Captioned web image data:
=-=-=

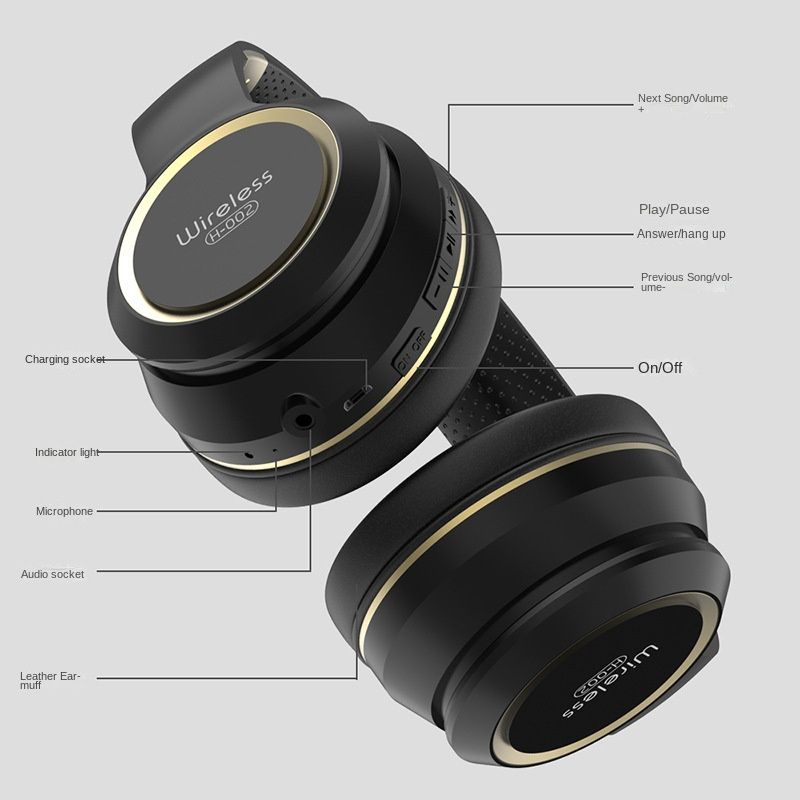 e-sports gaming headset Bluetooth Wireless Headphones KH20 Bluetooth Headphone Headworn Business Gaming Headphones Subwoofer Bilateral Stereo Wireless Bluetooth Headset With Microphone For Laptop PC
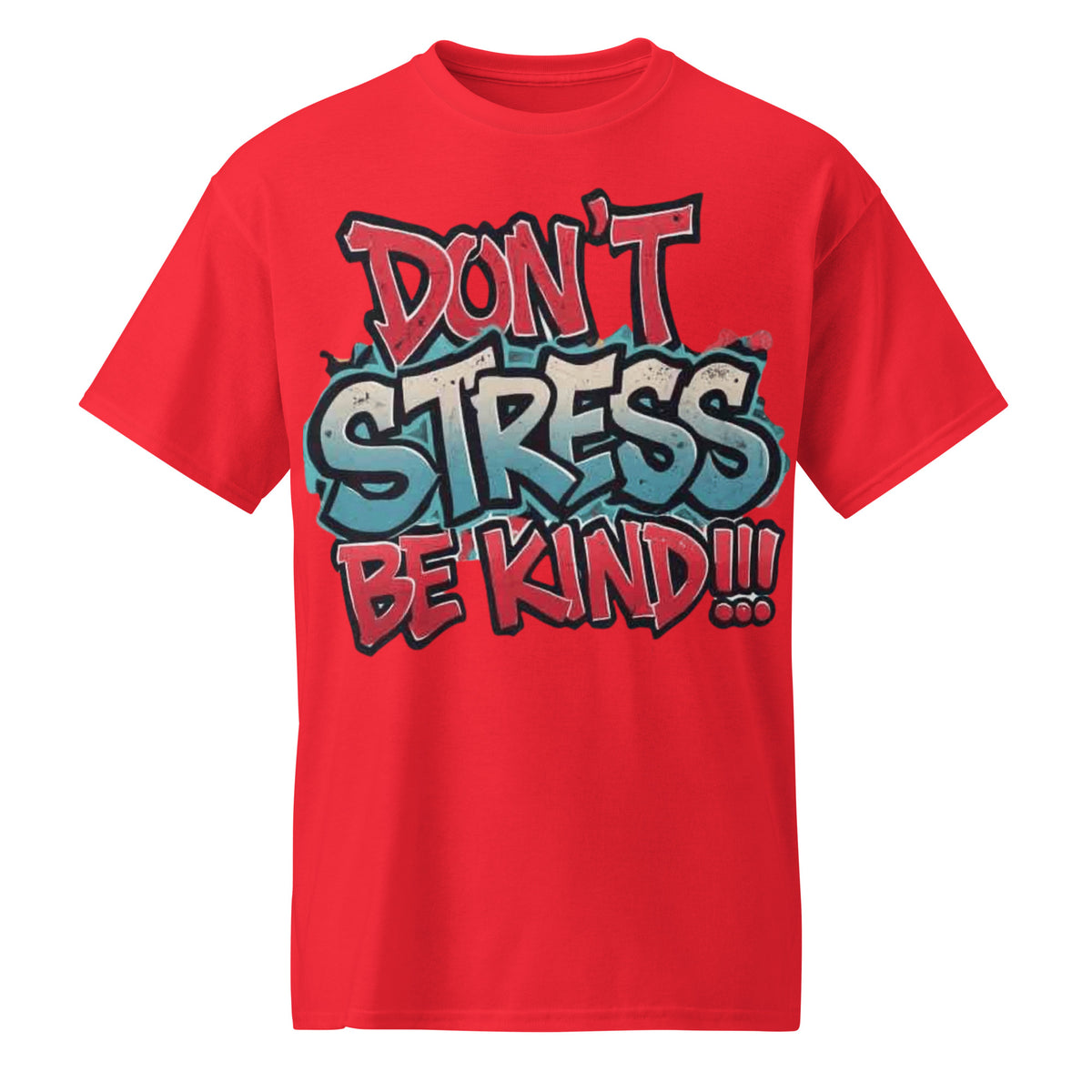 Don't Stress Graphic Tee in red — front view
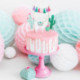 PartyDeco Llama Toppers (Pack of 5)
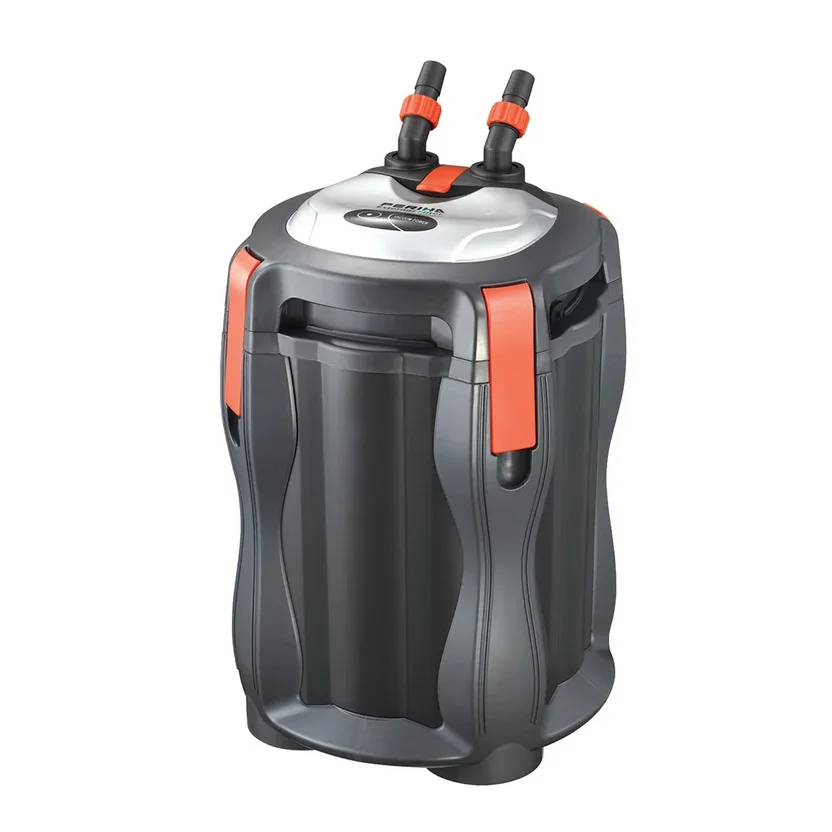 Periha EA external canister filter for aquarium filtration and debris removal.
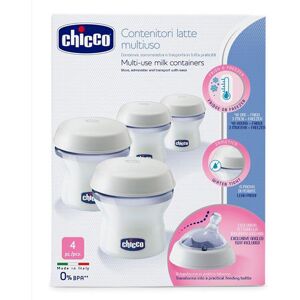 CHICCO VIA zásobníky na materské mlieko Natural Feeling, 4ks CHICCO VIA zásobníky na materské mlieko Natural Feeling, 4ks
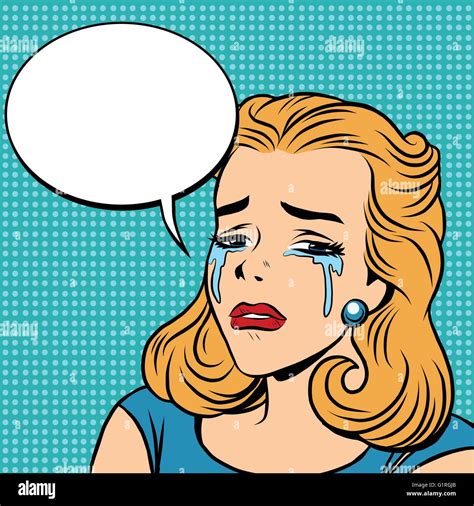 Emoji retro tears cry girl emoticons Stock Vector Image & Art - Alamy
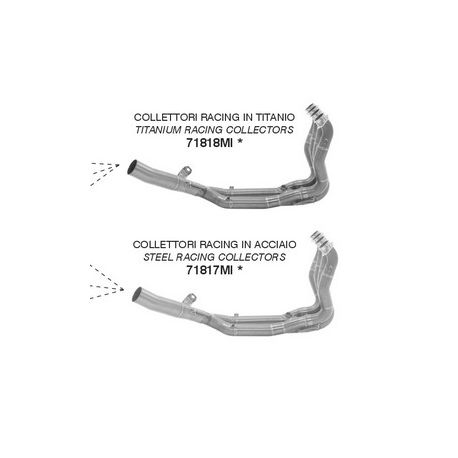 Collecteur racing ARROW BMW M1000RR 2025-2026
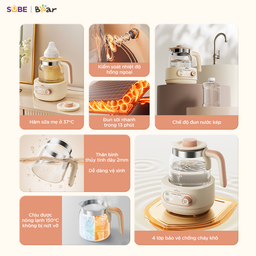 Máy Đun Nước Pha Sữa BEAR 1.2L Đun Nước Hâm Sữa Giữ Nhiệt Cho Mẹ Máy Hâm Sữa C…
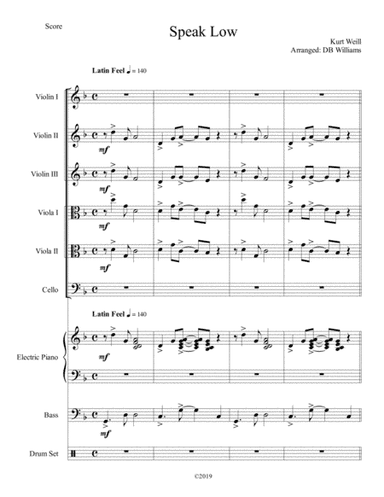 Speak Low (arr. DB Williams)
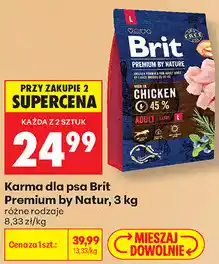 Biedronka Karma dla psa Brit Premium by Nature oferta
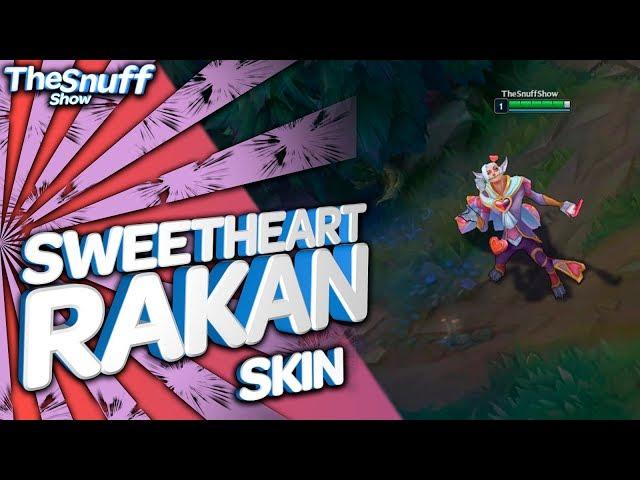 Сердцеед Рэйкан Обзор скина - Sweetheart Rakan Skin - League Of Legends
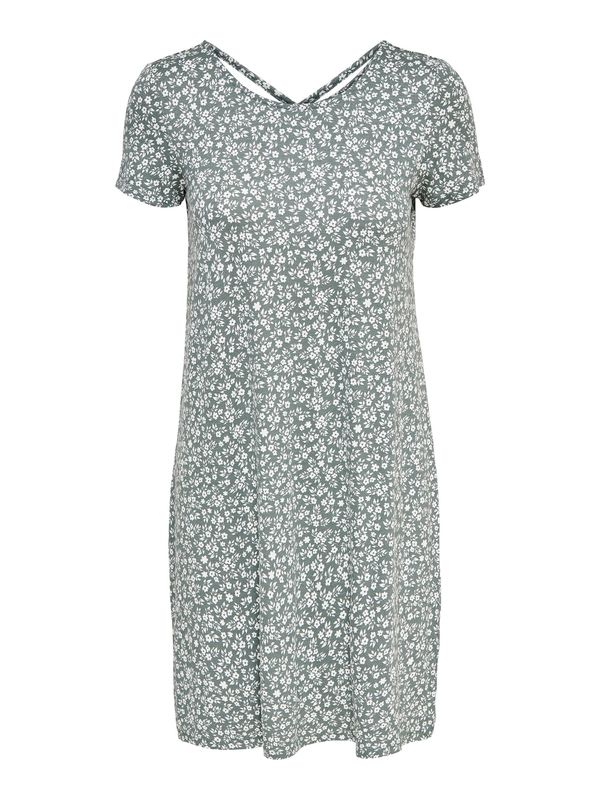 ONLY ONLY Рокля 'Bera'  пастелно зелено / бяло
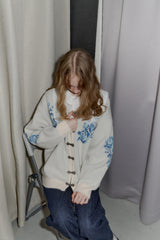 flower china cardigan【 10/15(wed.) 20:00〜release start 】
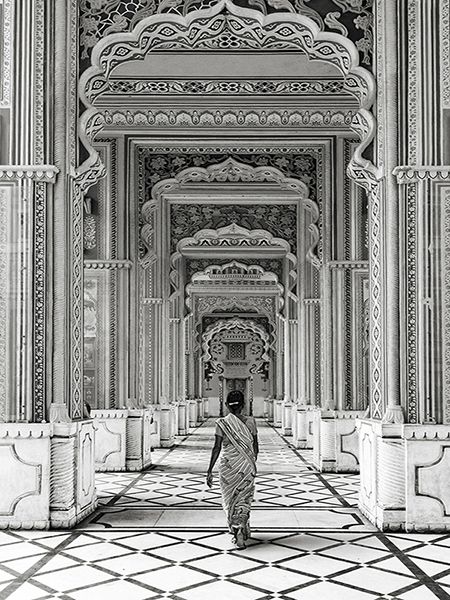 Pangea Images, Patrika Gate, Jaipur, India (BW)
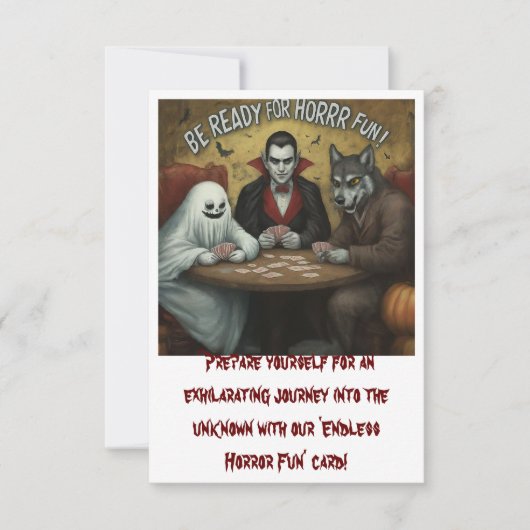 Sei bereit für endlosen Horror-Spaß (Vorderseite)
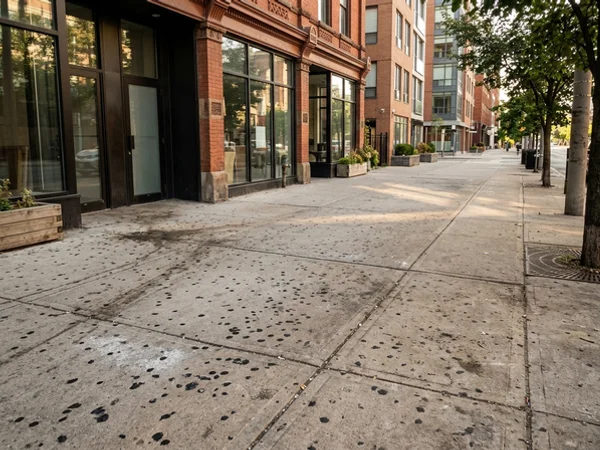 Commercial Power Washing before cleaning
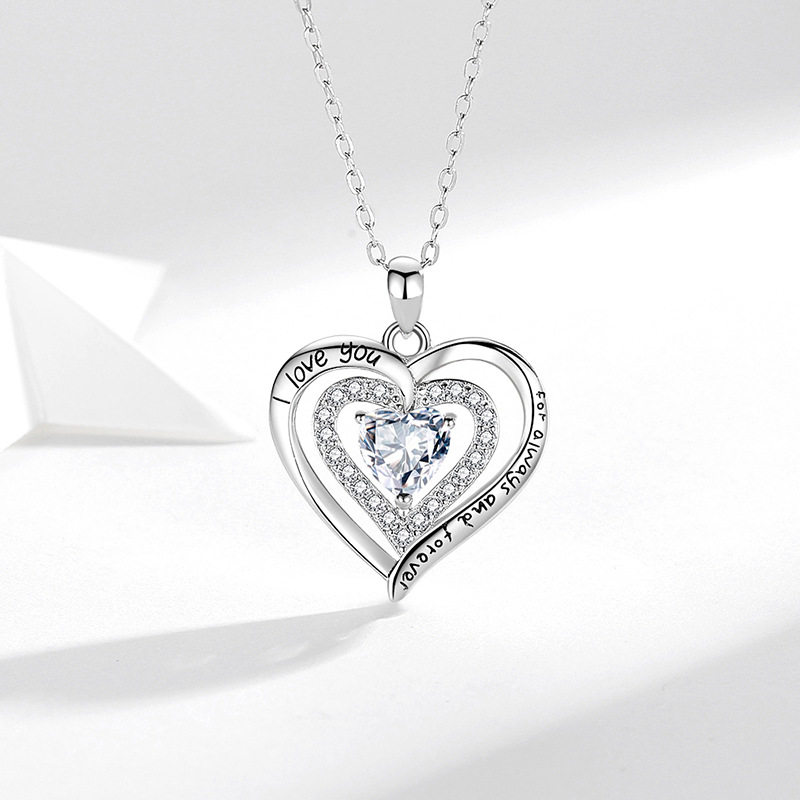 925 silver heart necklace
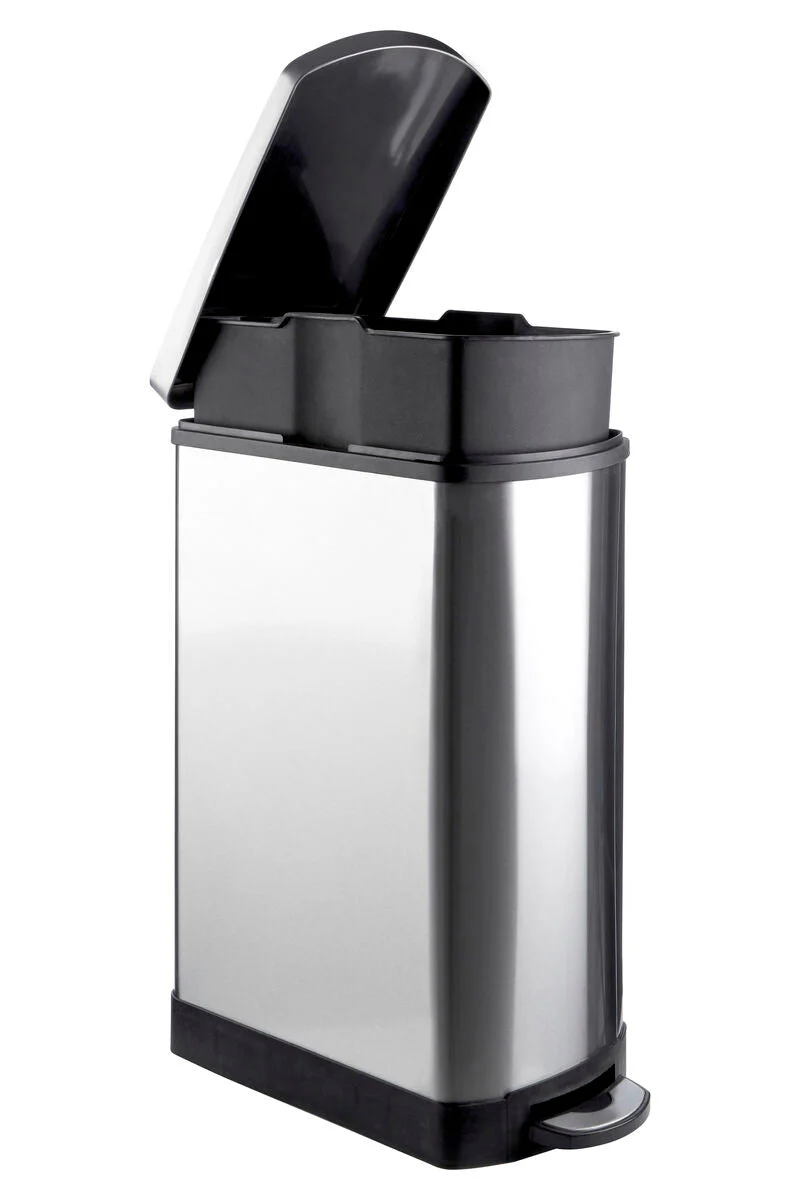 Miller Stainless Steel Rectangular 35 Litre Pedal Bin - Image 2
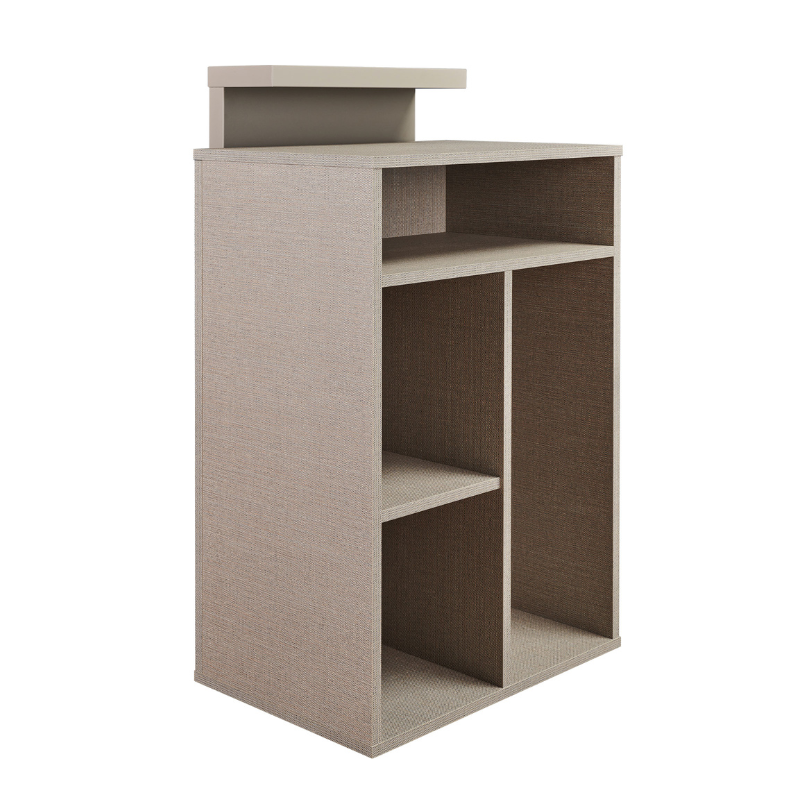 TINA Caisse d'accueil - comptoir caisse - mobilier coiffure - meuble coiffure - espaces de rangement - malys equipements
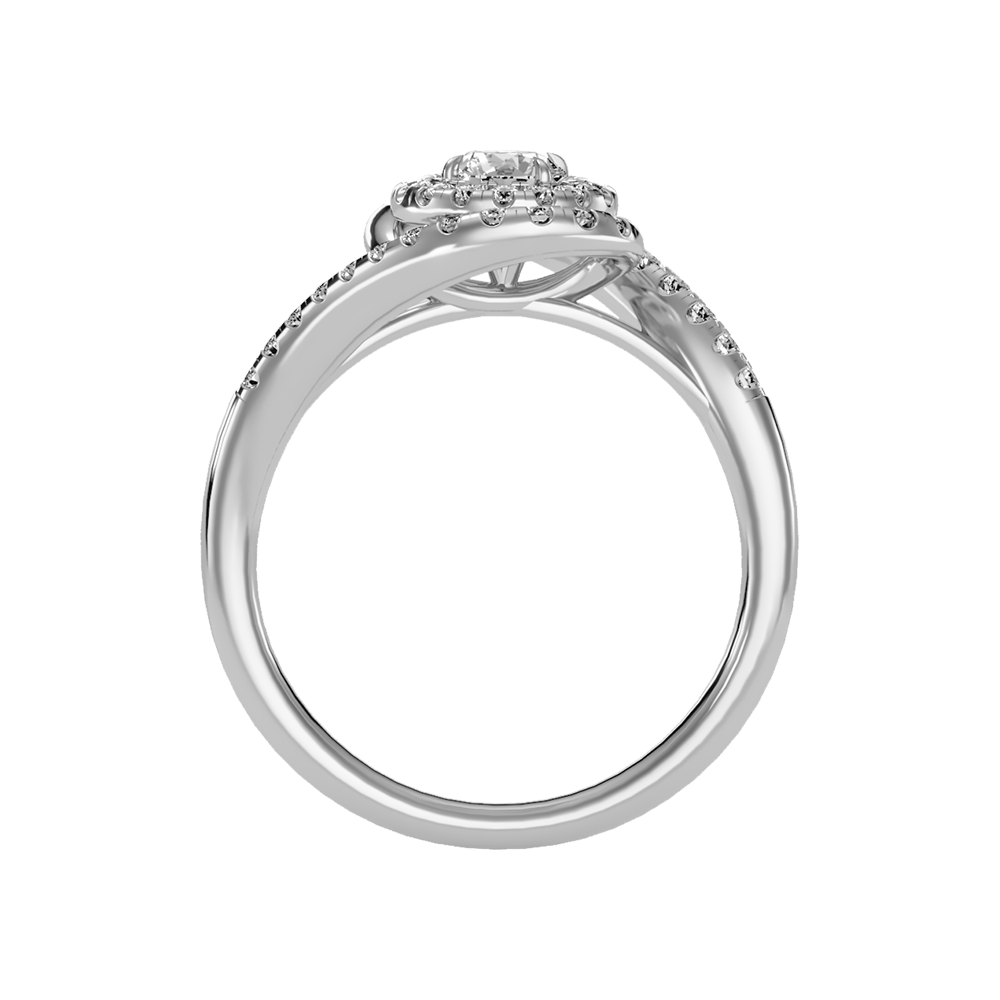 Pleasing Halo Ring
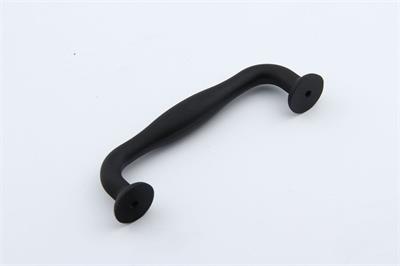 Oba 128 mm Siyah Kulp Mobilya Dolap Çekmece Vestiyer Kulpları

=-=-=

Assigned task: Above are some entries; copy exactly the lines from the line with "Commercial Power Washing before cleaning" through the line with "Pleasing Halo Ring", both included, but none of the pictures.

Output below:
 Commercial Power Washing before cleaning
 925 silver heart necklace
 Miller Stainless Steel Rectangular 35 Litre Pedal Bin - Image 2
 TINA Caisse d'accueil - comptoir caisse - mobilier coiffure - meuble coiffure - espaces de rangement - malys equipements
 Pleasing Halo Ring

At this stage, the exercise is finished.